TextEmbed is a high-throughput, low-latency REST API designed for serving vector embeddings. It supports a wide range of sentence-transformer models and frameworks, making it suitable for various applications in natural language processing.

## Features

- **High Throughput & Low Latency:** Designed to handle a large number of requests efficiently.
- **Flexible Model Support:** Works with various sentence-transformer models.
- **Scalable:** Easily integrates into larger systems and scales with demand.
- **Batch Processing:** Supports batch processing for better and faster inference.
- **OpenAI Compatible REST API Endpoint:** Provides an OpenAI compatible REST API endpoint.

## Getting Started

### Prerequisites

Ensure you have Python 3.11 or higher installed. You will also need to install the required dependencies.

### Installation

1. Install the required dependencies:
    ```bash
    pip install -U textembed
    ```

2. Start the TextEmbed server with your desired model:
    ```bash
    python3 -m textembed.server --model <Model Name>
    ```

    Replace `<Model Name>` with the name of the model you want to use.

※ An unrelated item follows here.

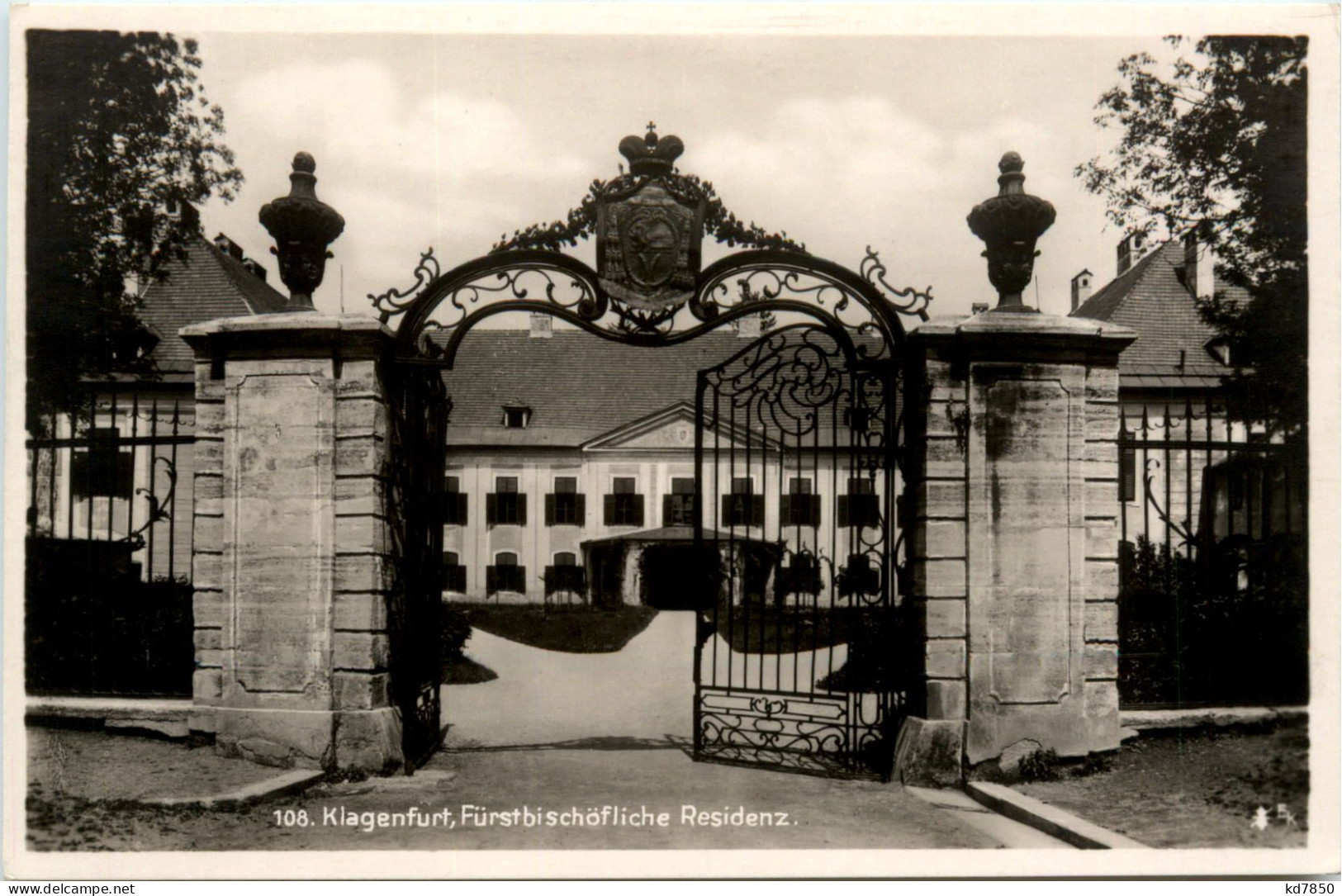 Klagenfurt, Fürstbischöfliche Residenz - Klagenfurt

3. For more information and additional options, run:
    ```bash
    python3 -m textembed.server --help
    ```

### Running with Docker (Recommended)
You can also run TextEmbed using Docker. The Docker image is available on Docker Hub.
```bash
docker run kevaldekivadiya/textembed:latest --help
```
This command will show the help message for the TextEmbed server, detailing the available options and usage.

For Example:
```bash
docker run -p 8000:8000 kevaldekivadiya/textembed:latest --model sentence-transformers/all-MiniLM-L6-v2 --port 8000
```

### Accessing the API

Once the server is running, you can access the API documentation via Swagger UI.